Google Inc. (NASDAQ: GOOG) has decided to invest $168 million in the Ivanpah solar thermal power plant being constructed by BrightSource Energy in the southern California desert. The total cost of the project, including a $1.6 billion federal loan guarantee, is set at $2.1 billion. NRG Energy, Inc. (NYSE: NRG) has already invested $300 million in the project and will help with construction. The 392-megawatt plant is expected to be completed in 2013.

In that vein, the federal budget discussions that avoided a government shutdown included the Department of Energy’s loan guarantee program from renewable and alternative energy projects. That’s good news for BrightSource, of course, but First Solar Inc. (NASDAQ: FSLR) also reaps a $967 million loan guarantee for a 290-megawatt solar PV project in Arizona. The budget negotiations also eliminated a White House staff position for an adviser to the president on climate change and $438 million from a DoE energy-efficiency and renewable-energy program, according to The Wall Street Journal.
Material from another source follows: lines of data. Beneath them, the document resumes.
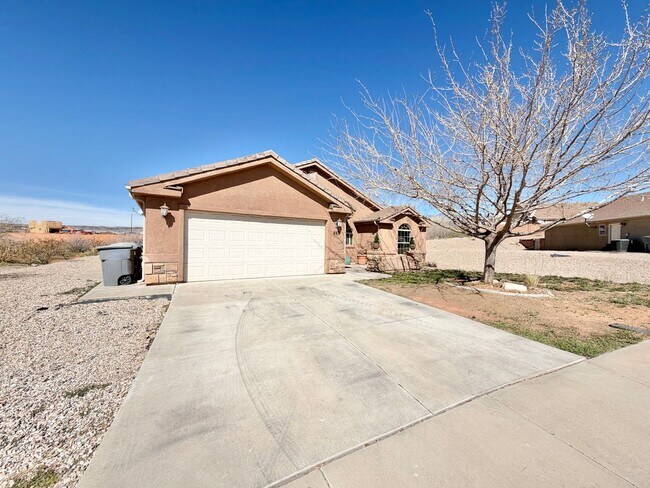 Foto del edificio - Charming 3 Bed 2 Bath + DEN/OFFICE Area!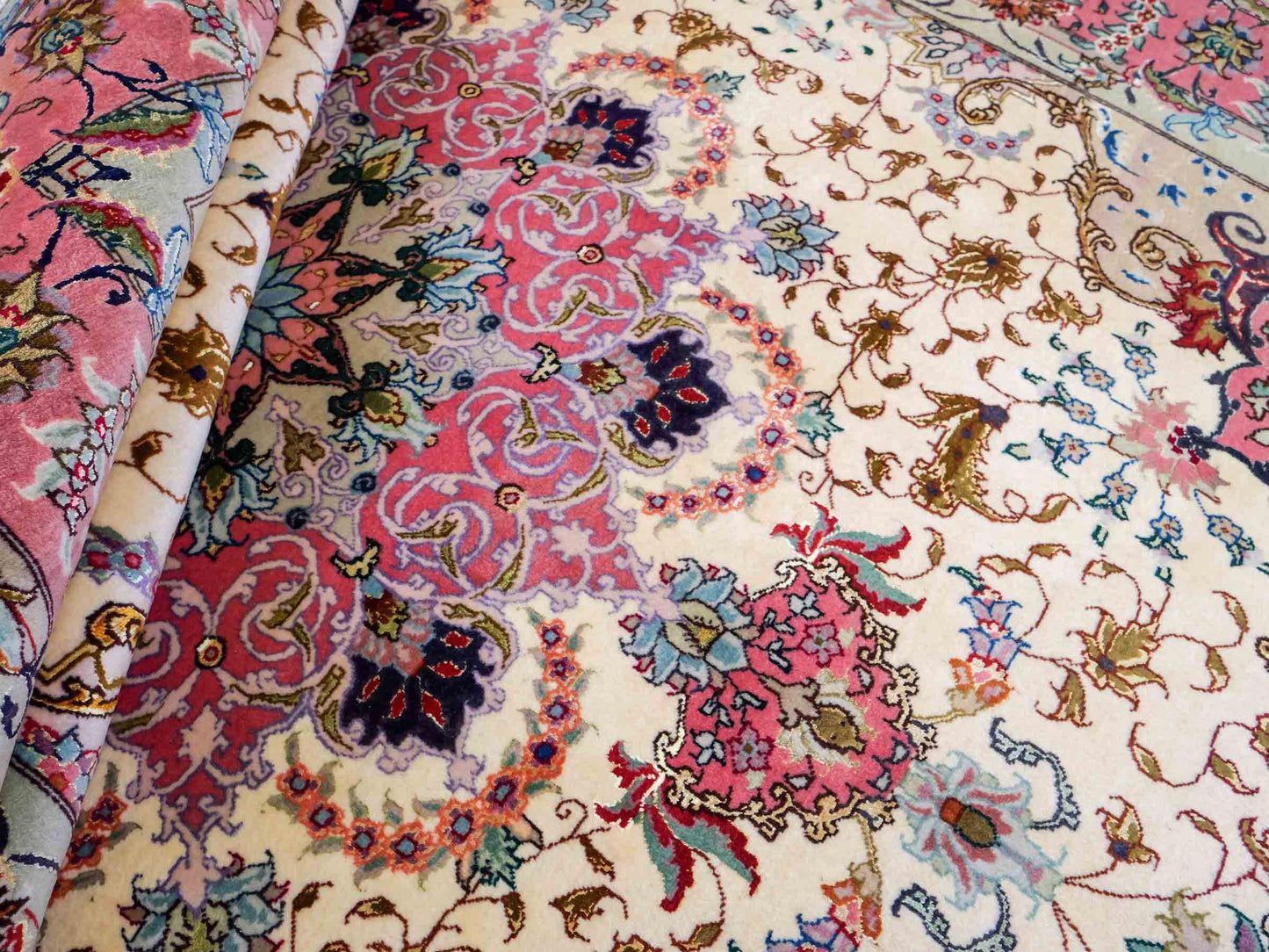 Sehr feiner, handgeknüpfter Khademi Täbriz Perserteppich aus Wolle mit Seide, creme, pink. 202x151 cm. Verkauf durch Jupiter Intl.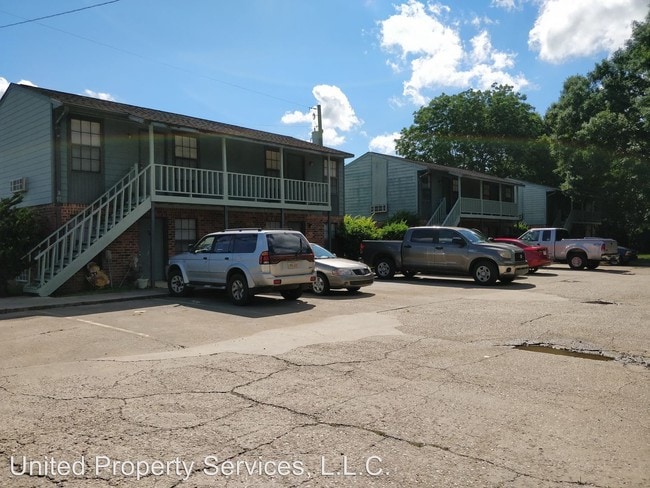 Building Photo - 700 Bonin Rd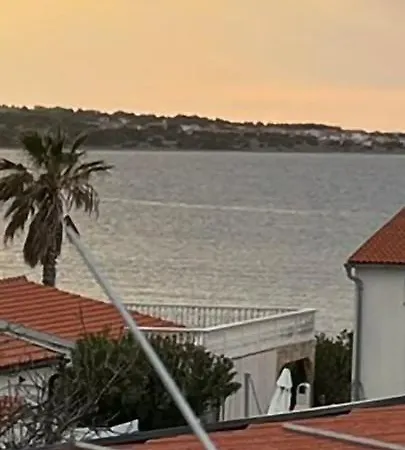 Appartma Robert Ii Apartment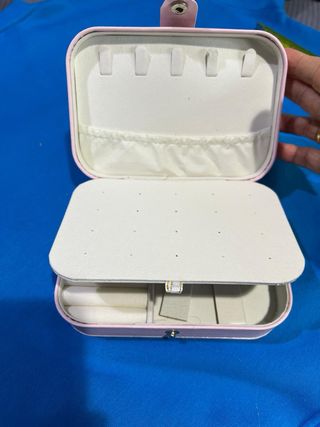 Nuovo organizer medio in simil pelle per gioielli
Caixin Online reports that an association of Chinese solar energy providers are about to present a plan to the government’s State Council that would substantially increase the solar PV build-out in China.  The new plan more than doubles the planned solar PV installed base from 5,000 megawatts in 2015 and 20,000 megawatts in 2020, to 15,000 megawatts by 2015 and 50,000 megawatts by 2020. The new targets are expected to be approved by the end of 2011. This could substantially improve the outlook for China’s solar PV makers like LDK Solar Co., Ltd. (NYSE: LDK), JA Solar Holdings Co., Ltd. (NASDAQ: JASO), and Trina Solar Ltd. (NYSE: TSL) which are expanding capacity significantly this year, even as a supply glut is expected.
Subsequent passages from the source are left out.